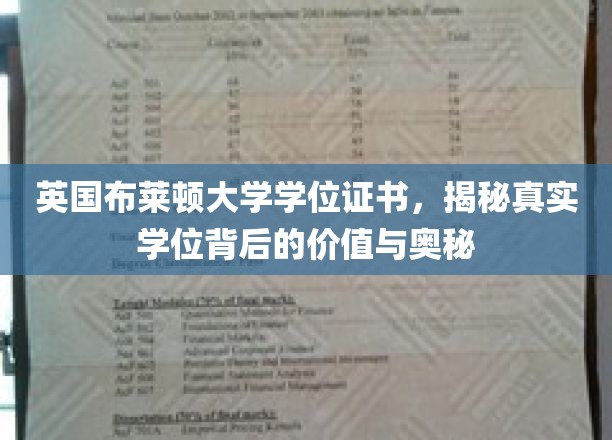 英国布莱顿大学学位证书，揭开学位背后的价值与神秘面纱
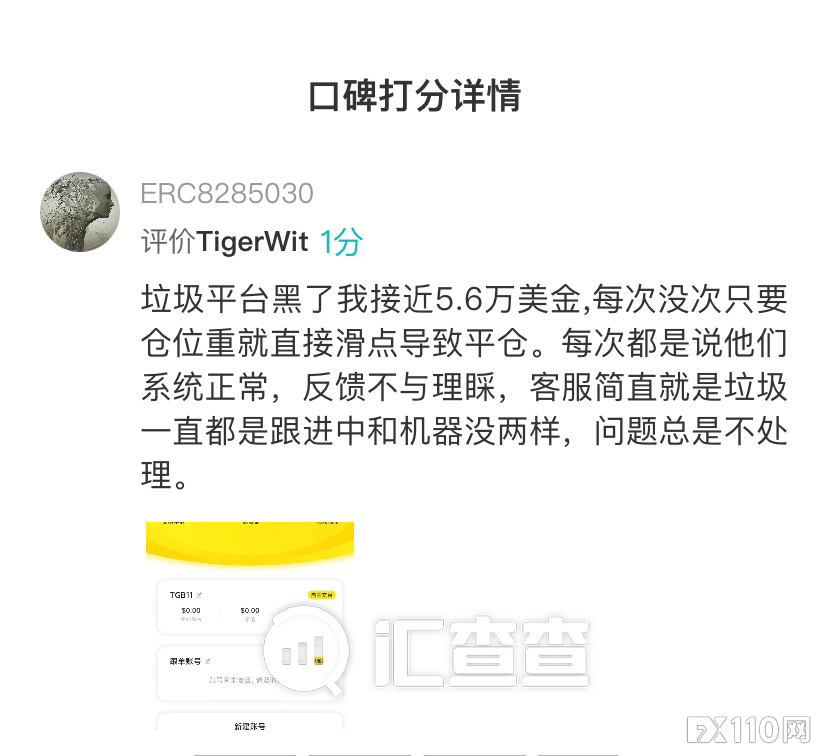 【汇查查曝光】自导自演！Tigerwit平台赔偿亏损金，又要求交易满32手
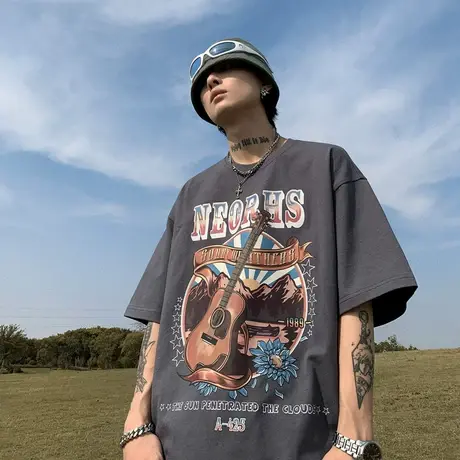 休闲复古潮流T恤男短袖2024年夏季新款潮牌纯棉美式重磅宽松上衣商品大图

> **Task brief**:
Since the pictures are not wanted, repeat only the rest of the material, exactly as given.

> **Exercise result**:
 英国布莱顿大学学位证书，揭开学位背后的价值与神秘面纱
 【汇查查曝光】自导自演！Tigerwit平台赔偿亏损金，又要求交易满32手
 休闲复古潮流T恤男短袖2024年夏季新款潮牌纯棉美式重磅宽松上衣商品大图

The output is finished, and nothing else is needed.